Wednesday, July 26, 2017

Range of Random.nextGaussian, continued

In the first part I described a theoretical range of values returned by nextGaussian; in this part I will describe the way used to find out the actual minimum and maximum values.

The simplest way would require using brute force to check all 248 possible seed values. This would take a few years on my computer, so I had to do better than that.

As explained in the first part, in order to maximize the values of nextGaussian, the values of v1 and v2 need to be as close to zero as possible. For that, the value returned by nextDouble needs to be close to 0.5. So, how do we make the random number generator return the values we want?

NextDouble calls next two times, first to get top 26 significant bits of the result, then again to get next 27 bits. If we can get the top bits to be 1 << 25, the resulting double will be very close to 0.5.

A call to next first updates the seed value used by Random, then returns top N bits of the new seed. So, we know the desired seed value after the call to next. In order to find out the value for seed before the call, we can use the simple reversing algorithm found here:
private static final long multiplier = 0x5DEECE66DL;
private static final long addend = 0xBL;

private static long reverseSeed (long seed) {
    // reverse the addend from the seed
    seed -= addend;
    long result = 0;
    // iterate through the seeds bits
    for (int i = 0; i < 48; i++) {
        long mask = 1L << i;
        // find the next bit
        long bit = seed & mask;
        // add it to the result
        result |= bit;
        if (bit == mask) {
            // if the bit was 1, subtract its effects from the seed
            seed -= multiplier << i;
        }
    }
    return result;
} 
Then, we also need to counter the initial scrambling that happens in setSeed operation:
private static long unscramble(long seed) {
    return seed ^ multiplier;
}
 And we're ready to start hacking:
long seedRange = 0x2000000L;
Random rand = new Random();
double minSoFar = 0, maxSoFar = 0;
for(long seed = -seedRange;seed<seedRange;seed++) {
    rand.setSeed(unscramble(reverseSeed(0x800000000000L + seed)));
    double d = rand.nextGaussian();
    if(minSoFar > d) {
        minSoFar = d;
        System.out.println("Seed: "+seed+ " min: "+d);
    }
    if(maxSoFar < d) {
        maxSoFar = d;
        System.out.println("Seed: "+seed+ " max: "+d);
    }

    d = rand.nextGaussian();
    if(minSoFar > d) {
        minSoFar = d;
        System.out.println("Seed: "+seed+ " second min: "+d);
    }
    if(maxSoFar < d) {
        maxSoFar = d;
        System.out.println("Seed: "+seed+ " second max: "+d);
    }
}
The lowest value found was: -7.844680087923773 (on second call to nextGaussian with seed = 994892)
The highest value found was: 7.995084298635286 (on first call to nextGaussian with seed = 14005843)
These are the real maximum & minimum values returned by Oracle Java 8 implementation of nextGaussian.

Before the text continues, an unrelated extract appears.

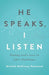 HE SPEAKS, I LISTEN- HAMMOND - Morning Star Christian Bookstores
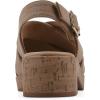 image:imageCLIFFS BY WHITE MOUNTAIN womens FinnleeMocha Nubuck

Range of Random.nextGaussian()

Recently I had a look at the source code of a language detection library. The library internally uses Random.nextGaussian to determine its behavior, but uses it in such a way that any value lower than -10 would result in incorrect calculations. I was curious if getting such a value is even possible.


The implementation of nextGaussian in Java 8 is as follows:
 private double nextNextGaussian;
 private boolean haveNextNextGaussian = false;

 public double nextGaussian() {
   if (haveNextNextGaussian) {
     haveNextNextGaussian = false;
     return nextNextGaussian;
   } else {
     double v1, v2, s;
     do {
       v1 = 2 * nextDouble() - 1;   // between -1.0 and 1.0
       v2 = 2 * nextDouble() - 1;   // between -1.0 and 1.0
       s = v1 * v1 + v2 * v2;
     } while (s >= 1 || s == 0);
     double multiplier = StrictMath.sqrt(-2 * StrictMath.log(s)/s);
     nextNextGaussian = v2 * multiplier;
     haveNextNextGaussian = true;
     return v1 * multiplier;
   }
 }
The function used to generate next values has extremes when both v1 and v2 are as close to zero as possible, without being both equal to zero.

Quick check of nextDouble indicates that the function generates only multiples of 1 / (double)(1L << 53). This means that nextGaussian will return extreme values for v1 = +/- 2 / (double)(1L << 53)and v2 = 0.

For these values nextGaussian would return +/- 12.00727336061225.

That does not mean that it is possible to get these values. There's a limited number of values that can be returned by nextDouble. But it does mean that nextGaussian (in its Oracle Java 8 implementation) will never return a value outside of the range between -12.00727336061225 and 12.00727336061225.